Archive for the ‘research’ Category

Theory and Practice of Cryptography talk by Ben Adida

Wednesday, February 13th, 2008

I just watched a very good talk on voting cryptosystems and the cryptographic principals and primitives behind them.  I found the link here.

Important voting studies

Tuesday, February 12th, 2008

Here’s a quick survey of some of the recent studies of voting system security.

California Secretary of State’s Top to Bottom Review

This study took place from March to August of 2007, and consisted of three efforts in parallel - documentation review, source code review, and red-team testing. It covered machines from four major vendors, Diebold Elections Systems (now Premier Elections Systems), Hart InterCivic, Sequoia Voting Systems, and Elections Systems and Software (ES&S).

Bruce Schneier summarized the results thus:

The state of California conducted a security review of their electronic voting machines earlier this year. This was a serious review, with real security researchers getting access to the source code. The report was issued last week, and the researchers were able to compromise all three machines — by Diebold Election Systems, Hart Intercivic, and Sequoia Voting Systems — multiple ways. (They said they could probably find more ways, if they had more time.)

Brennan Center Report

In 2005 the Brennan Center for Justice published a report with input from numerous voting system and security experts. They surveyed DRE, DRE+VVPAT and OpScan systems, and found problems common to all types and produced recommendations for how to mitigate those problems. The most serious common problem is that all systems are subject to code substitution attacks in which a device’s firmware is replaced with a malicious firmware image that can manipulate the stored vote according to the attacker’s wishes.

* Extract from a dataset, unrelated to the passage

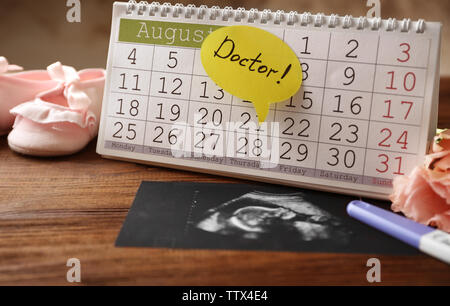 Calendrier avec échographie de bébé sur fond de bois Banque D'Images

The recommendations were aimed at elections administrators, providing guidance on how jurisdictions could attempt to mitigate vulnerabilities procedurally, rather than offering technical recommendations.

GAO Report

The Government Accountability Office produced a report on electronic voting in 2005. Top concerns in their document include the lack of protection of audit records from tampering, the ability to modify the electronic ballot definition so that the voter is presented with an incorrect ballot, and vendors distributing uncertified software images.

UPDATE Thanks for Rick for jogging my memory.

An Analysis of an Electronic Voting System

This paper was published in 2003 highlighting numerous attack vectors against the Diebold Accuvote-TS. It was criticized by the vendor for not taking into account procedural controls to mitigate problems. The back and forth on this topic can be found at Avi Rubin’s site.

SAIC Report

After the above was published, the State of Maryland commissioned a report from SAIC on the Diebold Accuvote-TS. It supported many of the findings in the above paper, and had a long list of recommended changes to be applied to the Accuvote-TS. If anyone is aware of an official response from Diebold please post a link in the comments.

Questions for Vendors

While tracking down the links above, I stumbled across Dr. Rubin’s list of questions to ask your voting machine vendor.